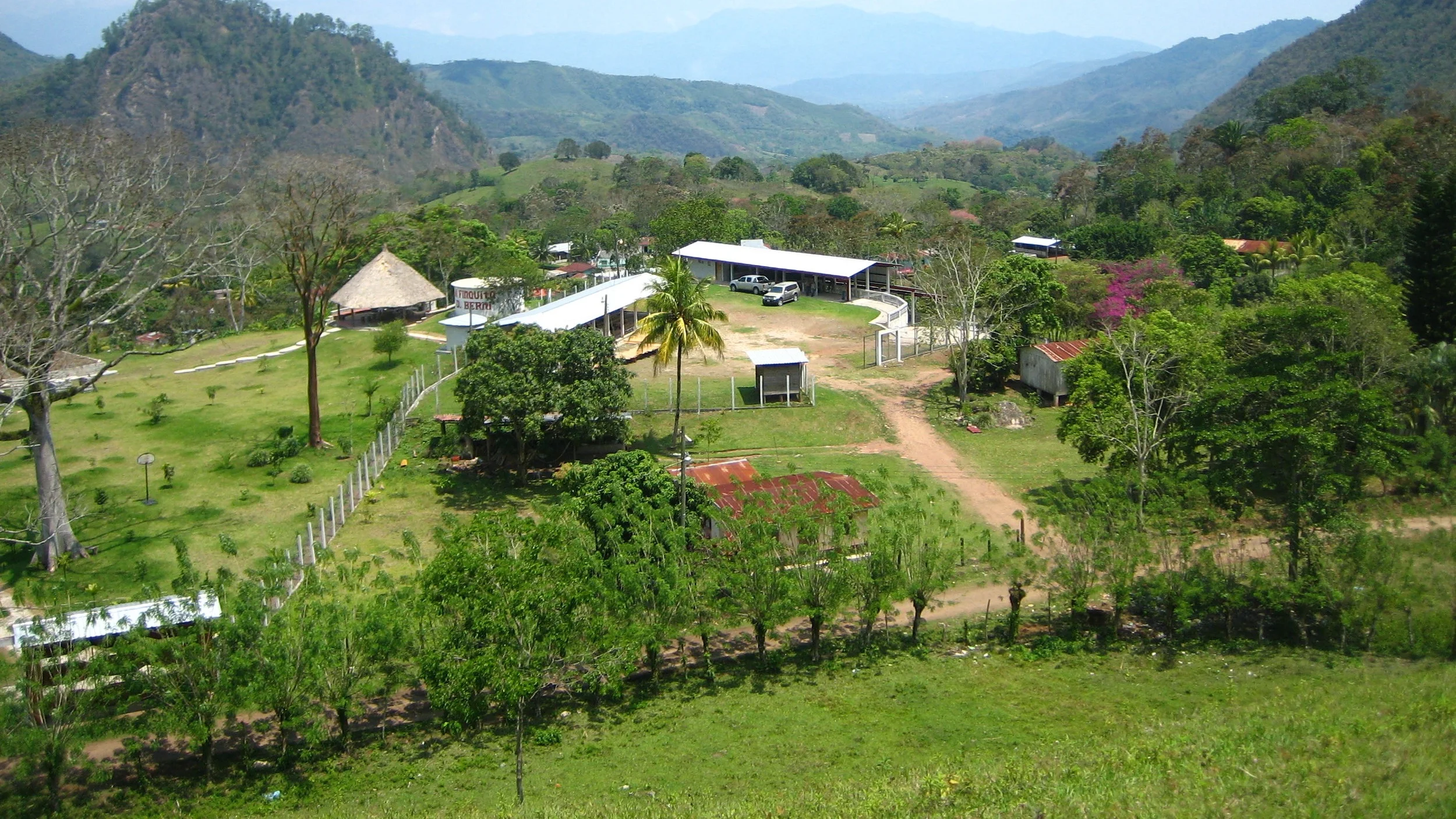 Honduras_Header.jpg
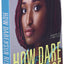 How Dare the Sun Rise: Memoirs of a War Child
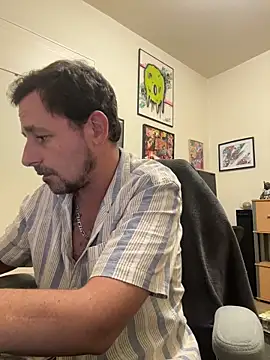 defbond420 online show from 02.01.26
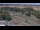 Webcam in Troyes, 15.7 km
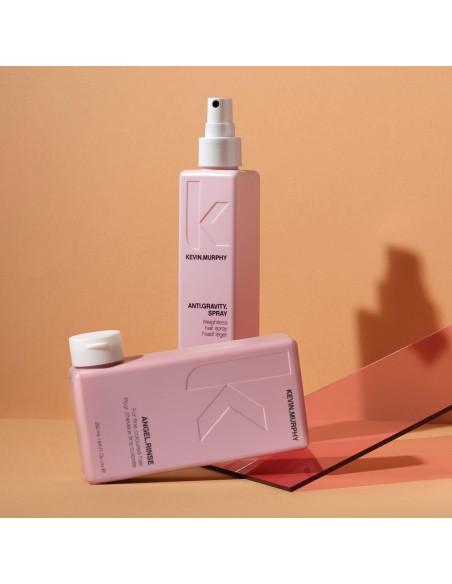 Kevin Murphy Angel Rinse 250ml - TheBeautyCool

----------------

■ ASSIGNMENT ■
Print every record above exactly, but no pictures.

■ OUTPUT OF THE TASK ■
 Honduras_Header.jpg
 How Dare the Sun Rise: Memoirs of a War Child
 defbond420 online show from 02.01.26
 Webcam in Troyes, 15.7 km
 Kevin Murphy Angel Rinse 250ml - TheBeautyCool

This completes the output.